● TASK REQUIREMENTS
Repeat exactly the lines below, from the line containing "흥해읍 입시 검정 및 보습 학원 교습소 목록 및 정보" through the last line, both included. Leave out any pictures.

● RAW DATA

Start of Block

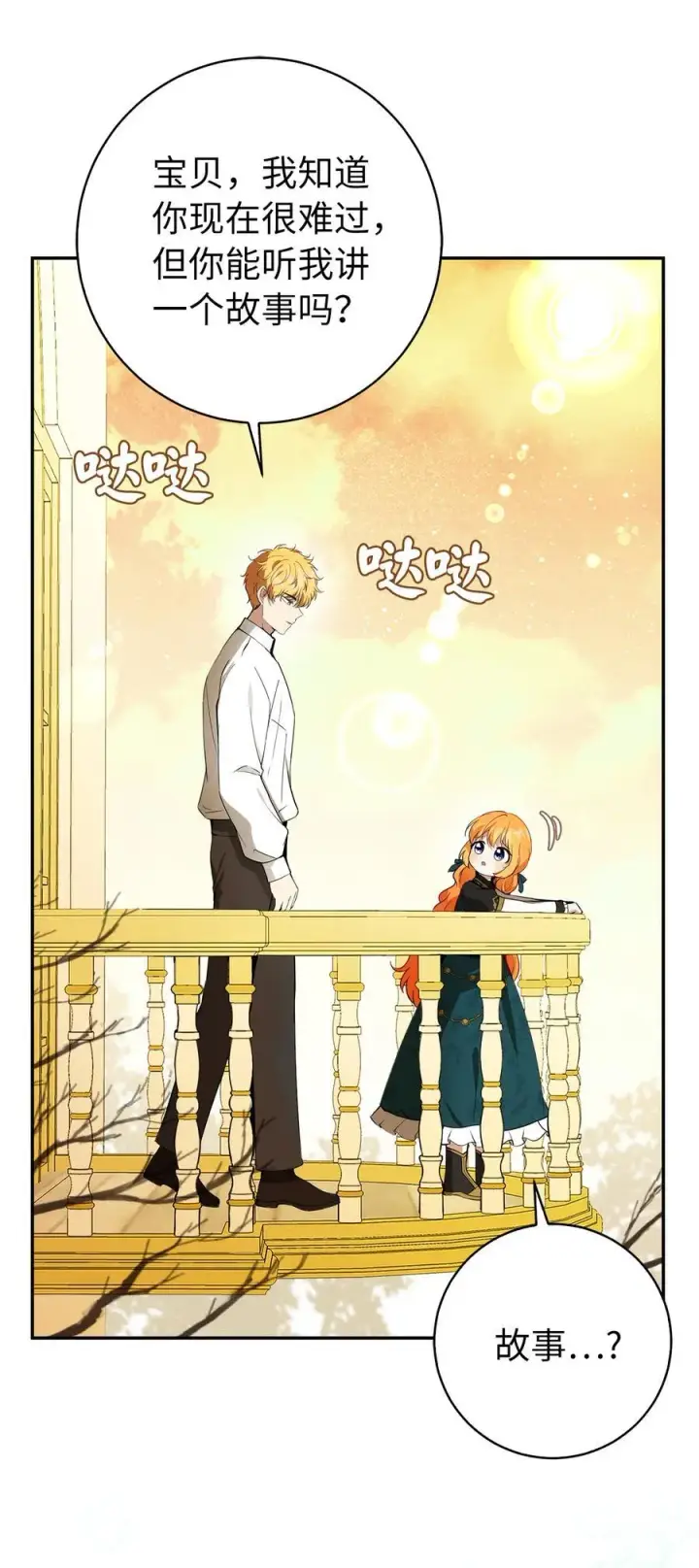 漫画《狮子公爵家的松鼠千金》53 传说中的牙齿精灵第6张图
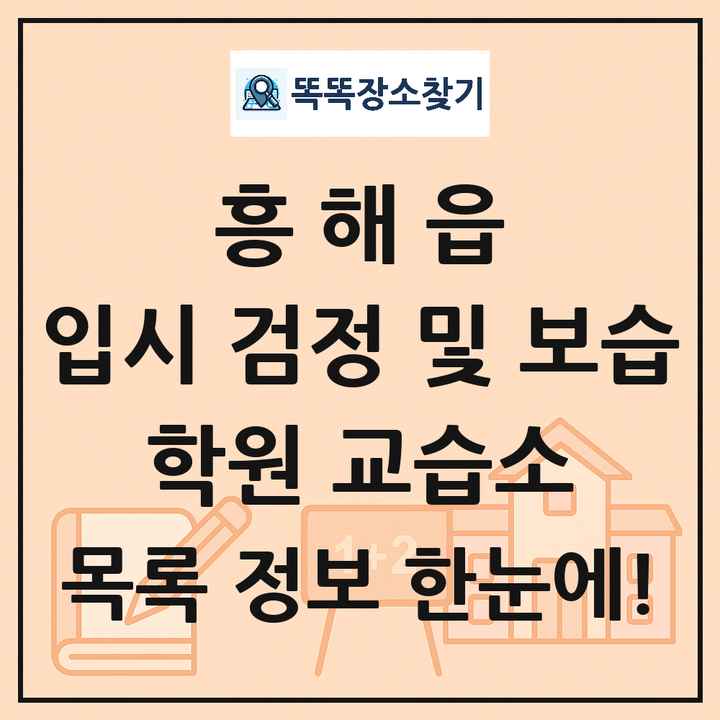 흥해읍 입시 검정 및 보습 학원 교습소 목록 및 정보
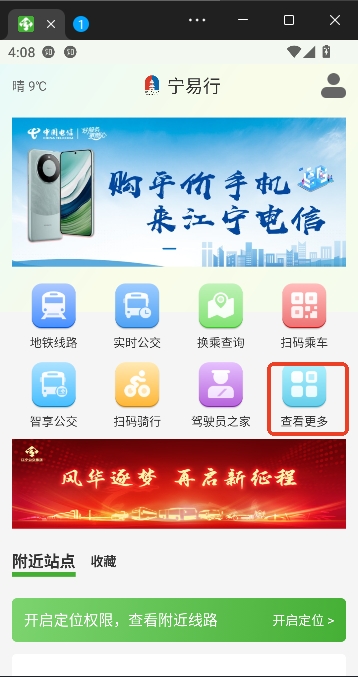 宁易行app市民出行 宁易行app市民出行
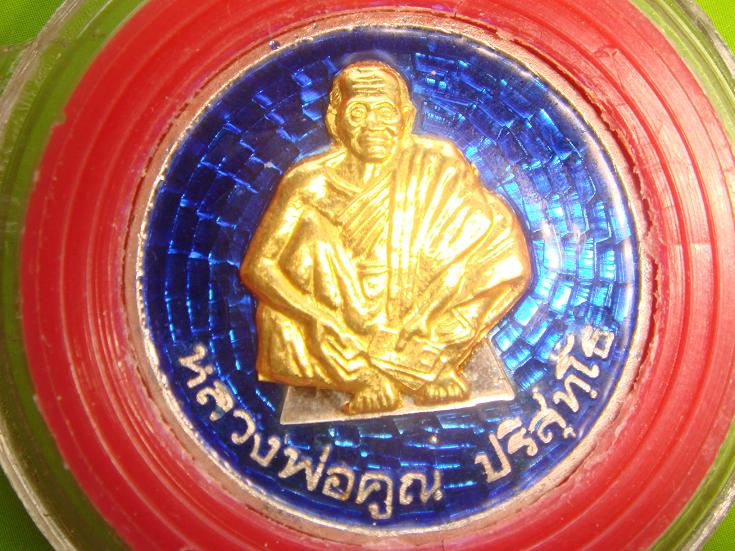 เหรียญหลวงพ่อคูณรุ่นฝากแล้วรวยธนาคารกรุงเทพสร้างออกปี 36เนื้อเงินลงยาหน้าทองคำราคาเบาๆๆ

End of Block

● REPLY
 흥해읍 입시 검정 및 보습 학원 교습소 목록 및 정보
 宁易行app市民出行 宁易行app市民出行
 เหรียญหลวงพ่อคูณรุ่นฝากแล้วรวยธนาคารกรุงเทพสร้างออกปี 36เนื้อเงินลงยาหน้าทองคำราคาเบาๆๆ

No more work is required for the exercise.